PCA is mainly to recombine a large number of the same type data with a certain correlation. The raw data are replaced with a derived set of unrelated composite indicators. The main steps are as follows:

  1. (1)

    The original data of m rows and n columns that need dimensionality reduction are transformed into n rows and m columns matrix X;

  2. (2)

    Zero mean is performed on each row of matrix X and each row represents an attribute;

  3. (3)

    Calculate covariance matrix, eigenvalue and eigenvector;

  4. (4)

    The eigenvectors are arranged into a matrix according to the corresponding eigenvalues in rows from top to bottom, and then, the first K rows are taken to form a matrix P;

  5. (5)

    The dimension reduction matrix is Y = PX.
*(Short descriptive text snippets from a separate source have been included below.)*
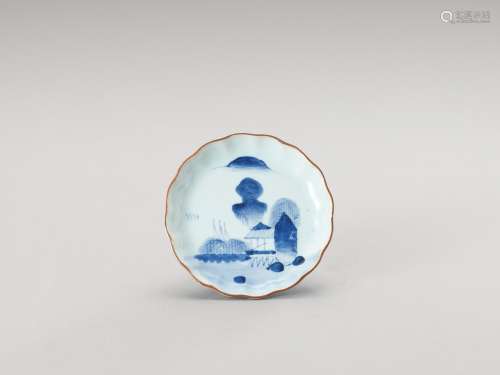 † A SMALL BLUE AND WHITE LOBED PORCELAIN DISH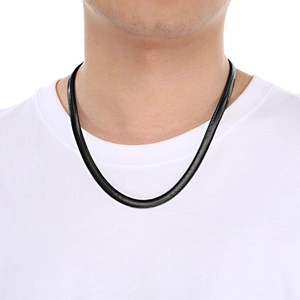 Macro view of black snake bone chain necklace with metallic finish on a model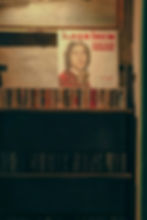 A vintage music collection displayed in a cozy setting, featuring a retro poster of a classic album by İlhan İrem above a shelf lined with cassette tapes.
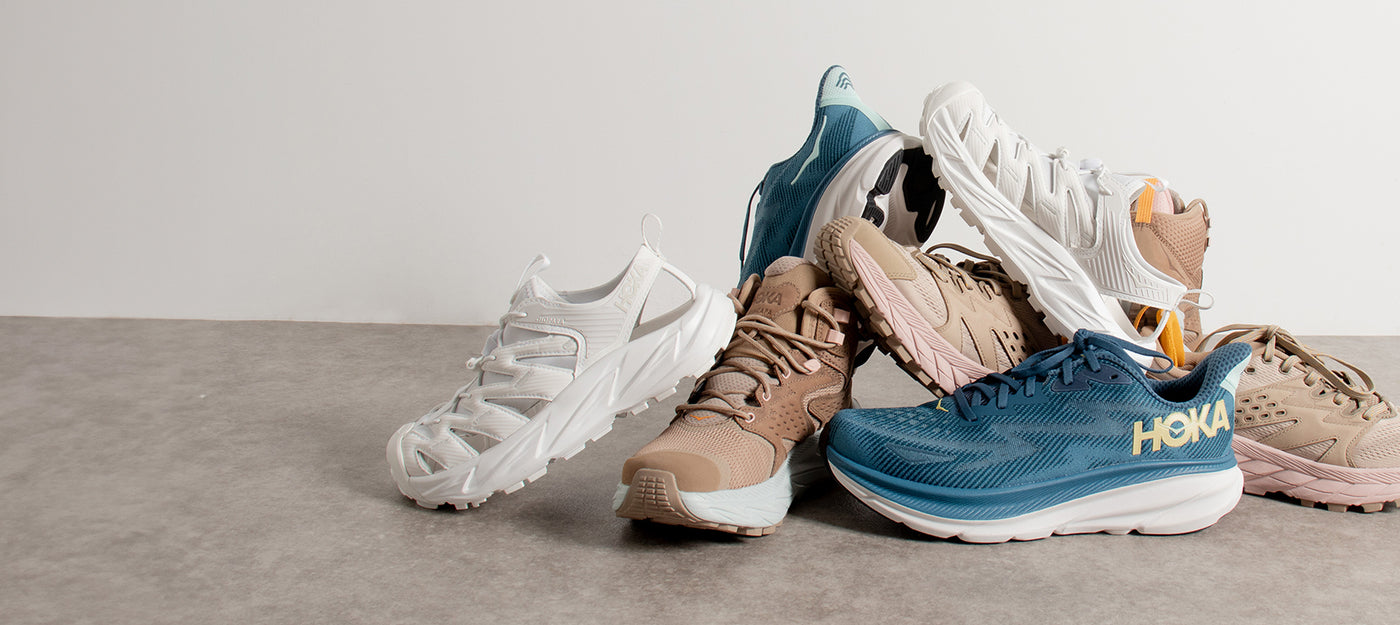 Selection of Hoka athletic shoes in shades of white, tan, and blue, showcasing the brand's cushioned running footwear with ergonomic design.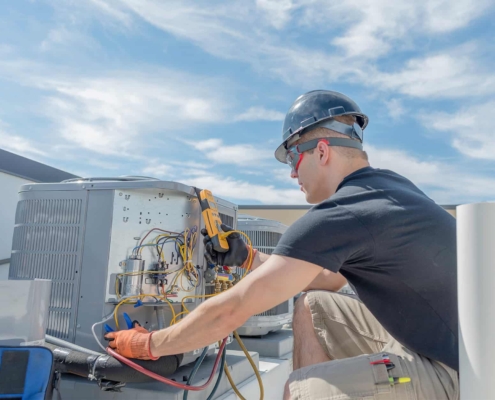 Side view of an HVAC technician at work fixing a unit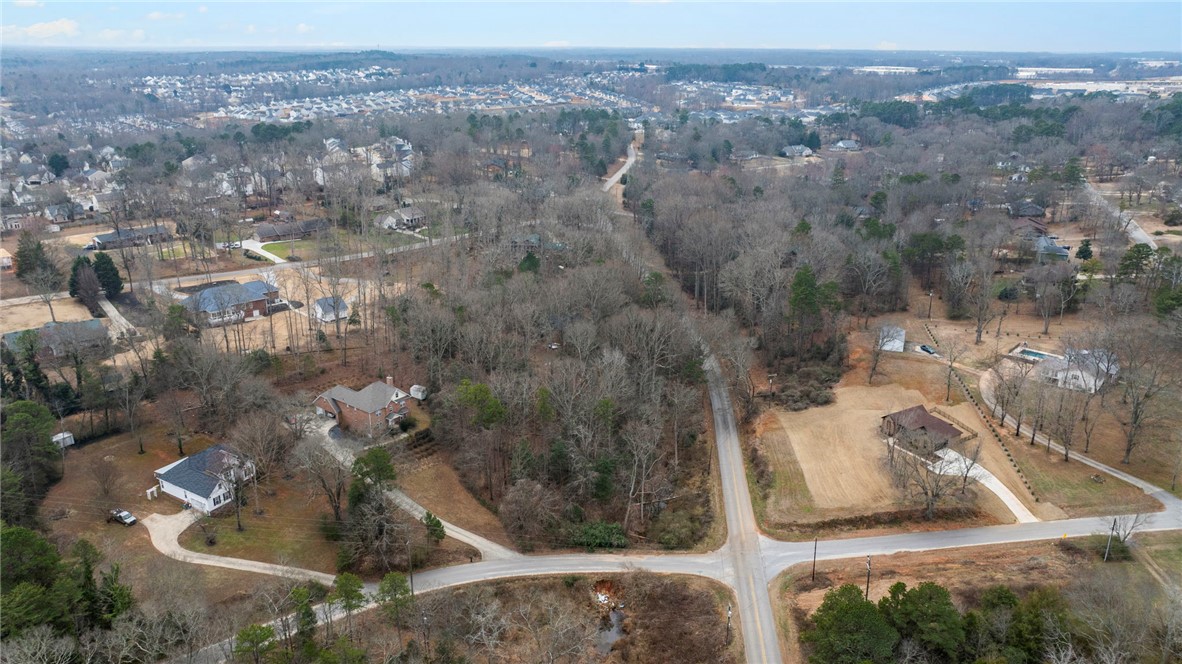 0 Standing Springs Road Greenville, SC 29605 - Photo 12 of 25 This expansive aerial view showcases a desirable community with abundant mature trees and well-maintained properties.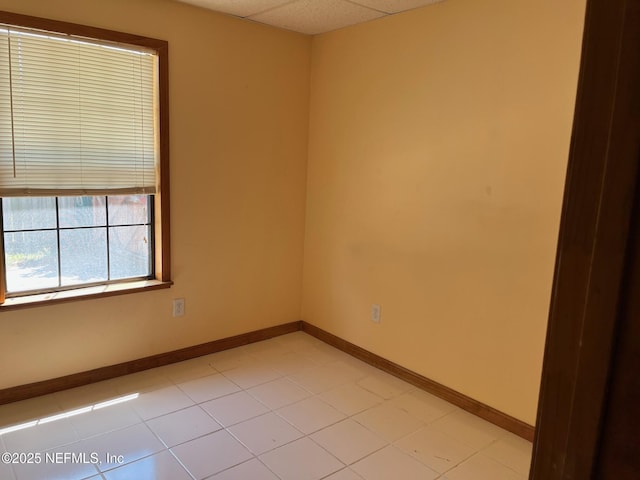 unfurnished room featuring baseboards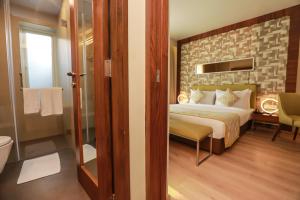 Letto o letti in una camera di IRA By Orchid Bhubaneswar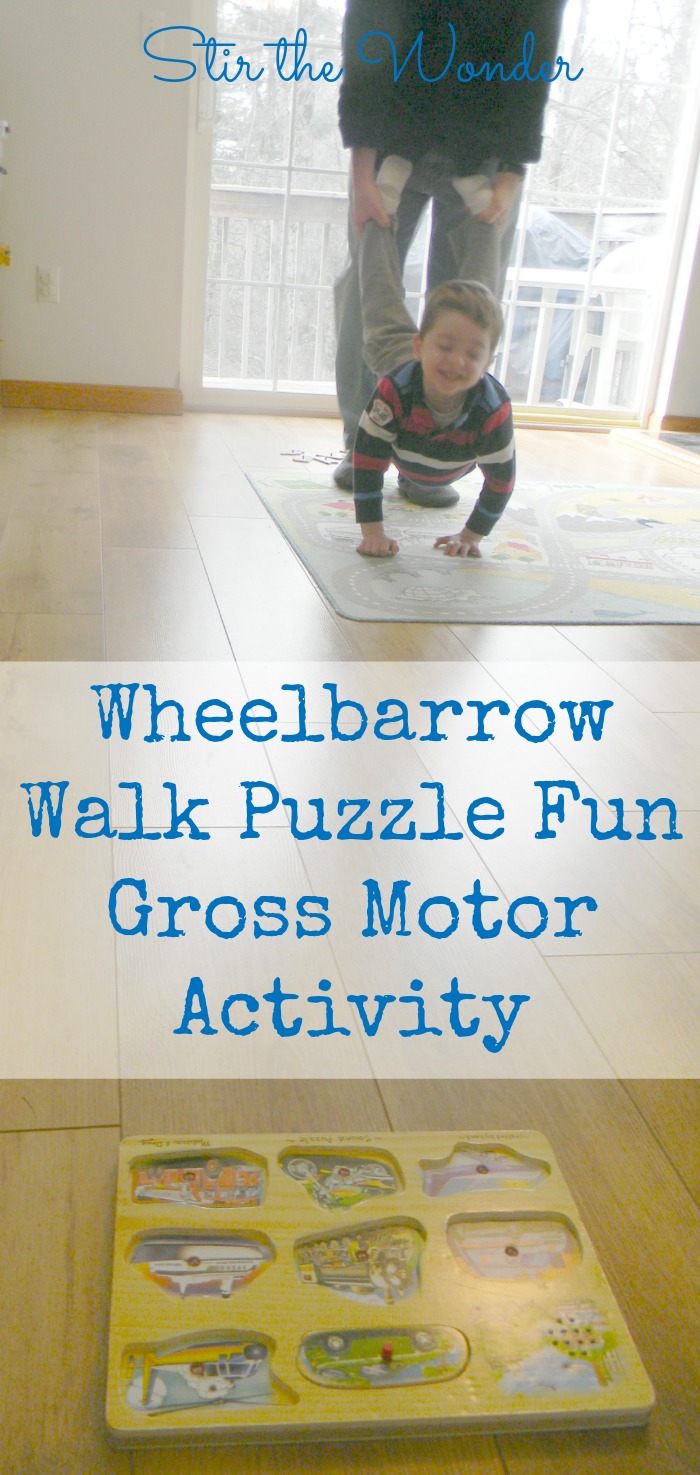 Wheelbarrow Walk Puzzle Fun Gross Motor Activity is a great way to burn some energy indoors and works on corrdination and arm strength! | Gross Motor A to Z Blog series at Stir the Wonder
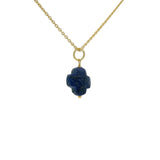 Gold necklace and stone clover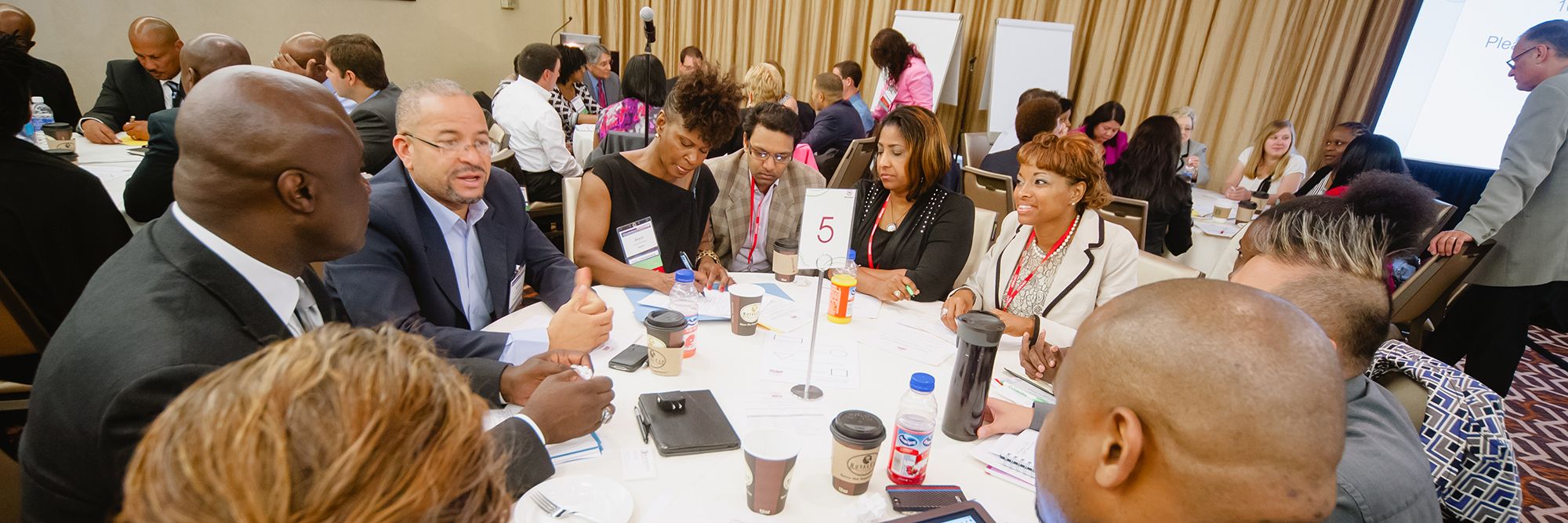USPAACC members and government partners at a roundtable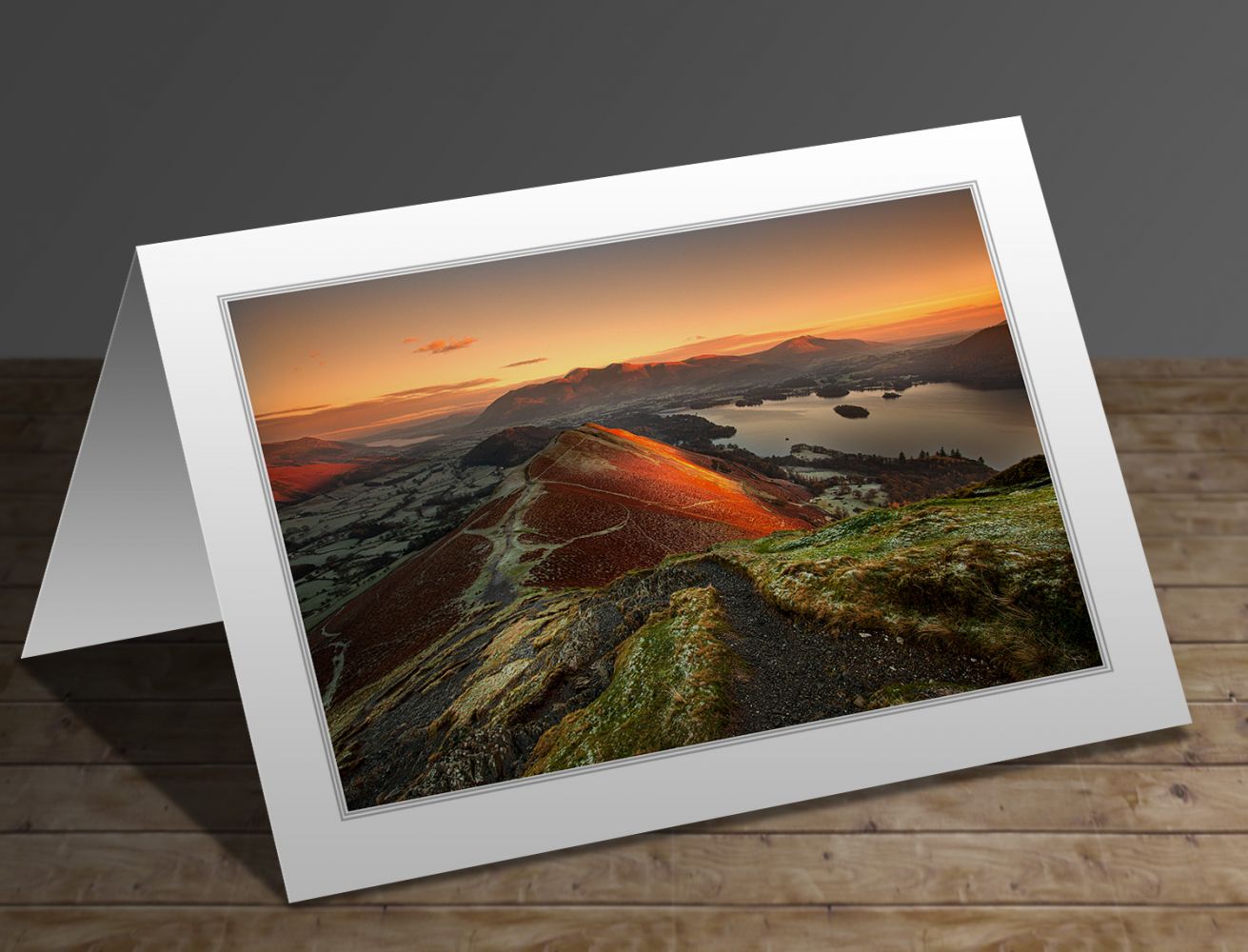 A greetings card containing the image First Light on Catbells and Skiddaw by Martin Lawrence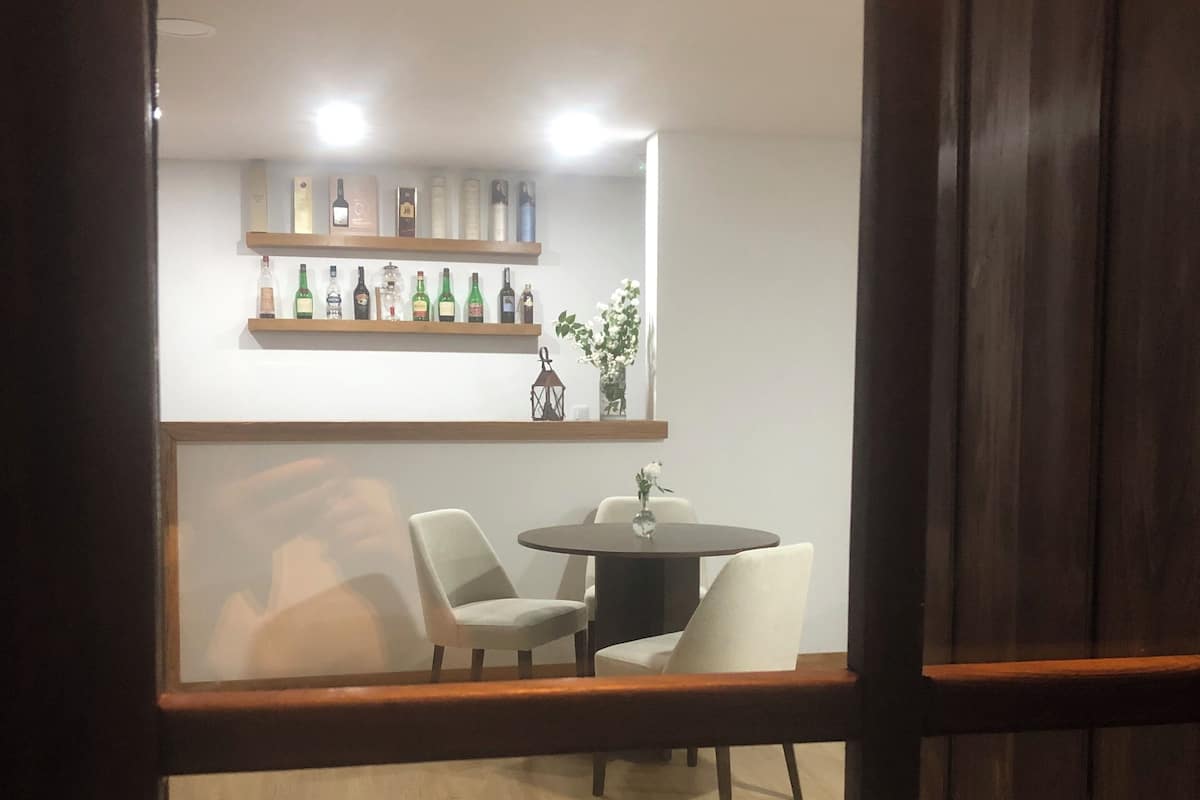Ein Essbereich mit rundem Tisch, vier Stühlen, Holzboden und Regalen mit Flaschen und einer Laterne.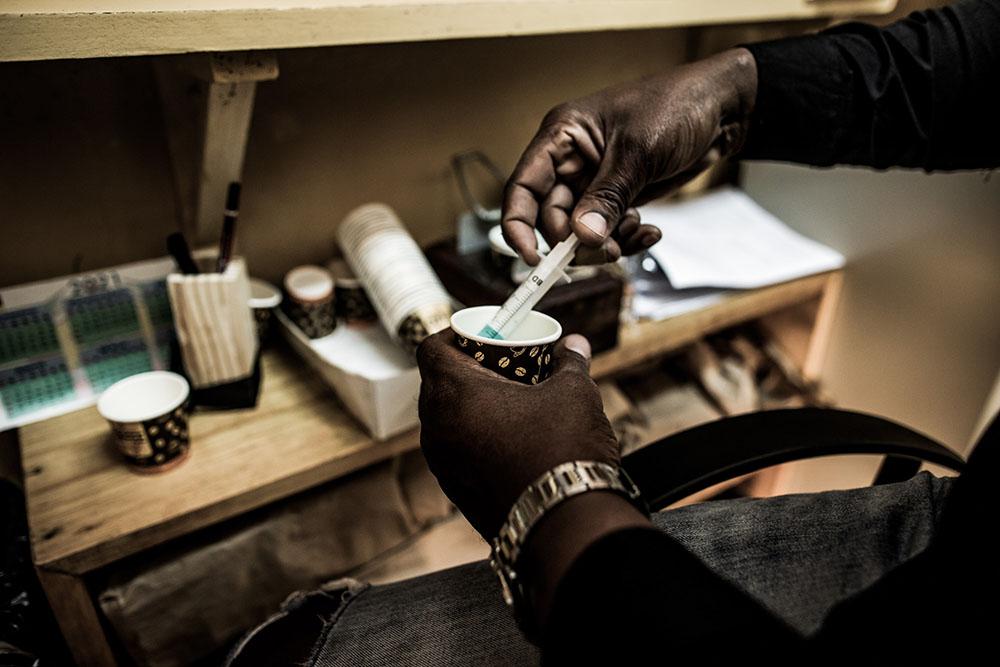 Detail of the methadone syrup and single-use cups with which beneficiaries of the heroin substitution programme take their dosage. The dosage is set by a doctor at the Alto-Mae health centre.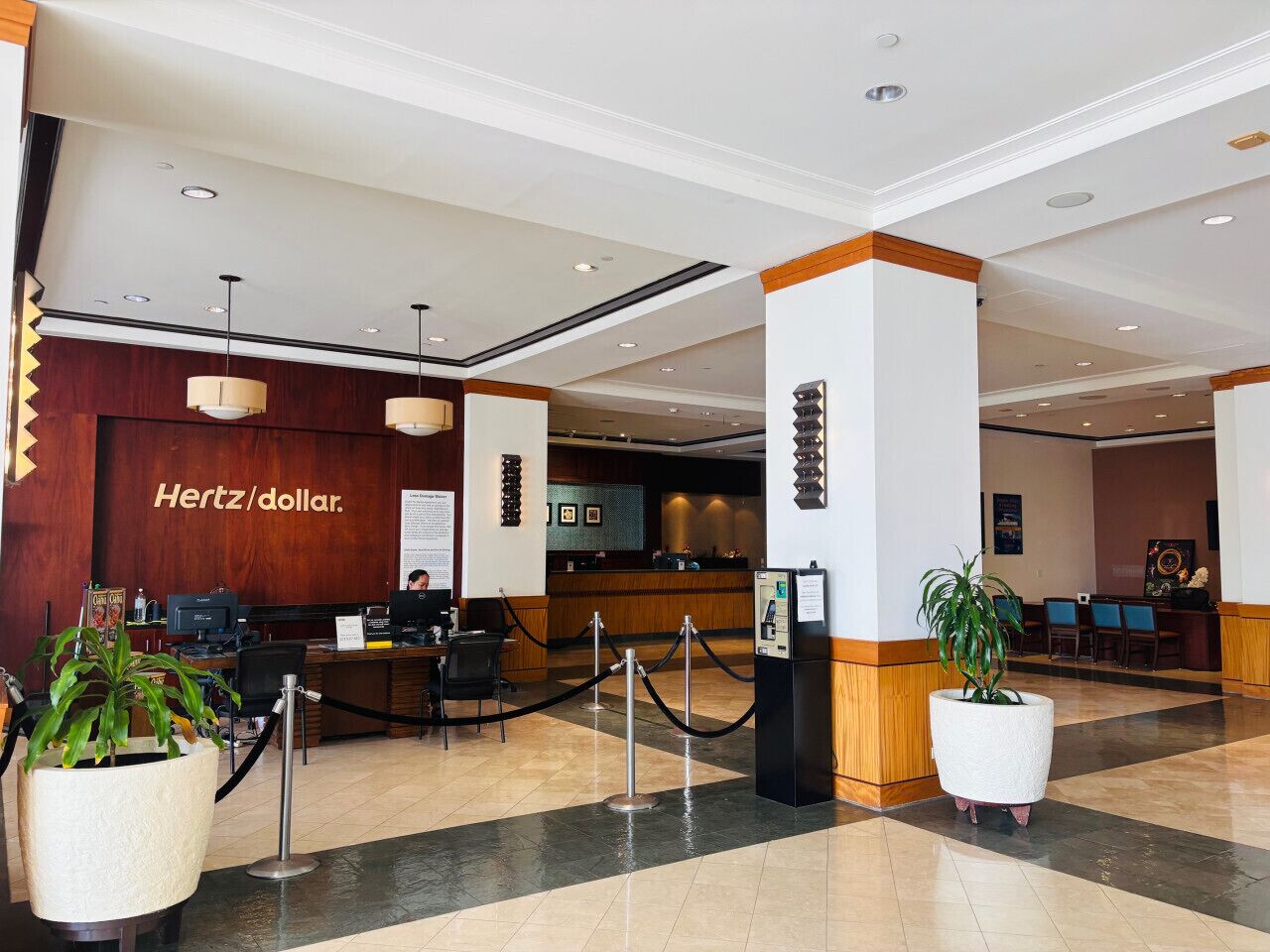 Un vestíbulo de hotel con una recepción, el logotipo de Hertz/un signo de dólar, y una planta grande en maceta.
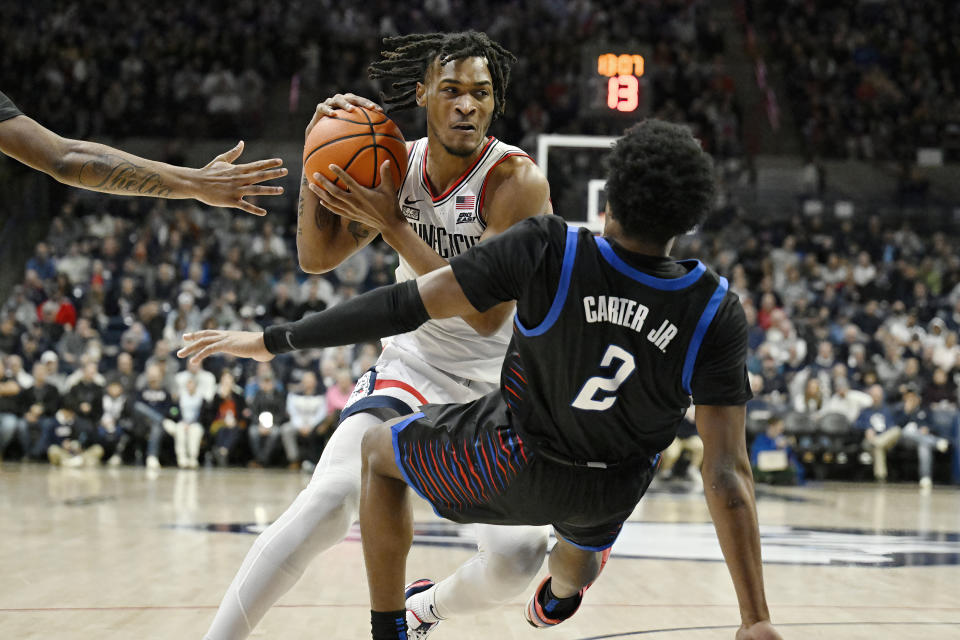 UConn guard Stephon Castle (5) fouls DePaul guard Chico Carter Jr. (2) in the first half of an NCAA college basketball game, Tuesday, Jan. 2, 2024, in Storrs, Conn. (AP Photo/Jessica Hill)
In this paper, PCA is used to reduce the dimension of parameters of the same type on the premise that the information value is more than 90%. Specific dimension reduction targets and derived parameters are shown in Table 2.

Table 2 Specific objectives and derived parameters of dimensionality reduction using PCA
2.3.1.3 PCC

This method measures the degree of correlation between two parameter variables X and Y. Therefore, Pearson correlation coefficient was used in this paper to remove the data with low correlation. The correlation coefficient R ranges from –1 to 1. The closer the R approaches 1, the higher the positive correlation. The closer to –1, the higher the negative correlation. At this stage, |R|> 0.5 parameters were selected.

2.3.2 Feature selection

Feature selection stage is a key task of data processing. Although there are many feature selection methods based on the level of relevance as a judgment criterion, such methods are not necessarily interpretable in industry. Therefore, the method of multivariate feature selection is proposed in this paper. Firstly, recursive feature elimination with support vector machines (SVM-RFE) model is used to establish the importance ranking of the target parameters. Then, Granger causality test is used to verify the causal relationship between parametric covariable and dependent variable. Finally, the feature selection results are analyzed with process theory.

2.3.2.1 SVM-RFE

SVM-RFE was proposed by Guyon [21]. It generates feature rankings by using coefficient vectors. The algorithm process is as follows.

SVM-RFE algorithm

1. Initialize the original feature set S = {1, 2, ..., D} and feature sorting set R = [];

2. The new training sample Xj is obtained by pairing l (l − 1) / 2 training sample with different categories (l is the number of samples).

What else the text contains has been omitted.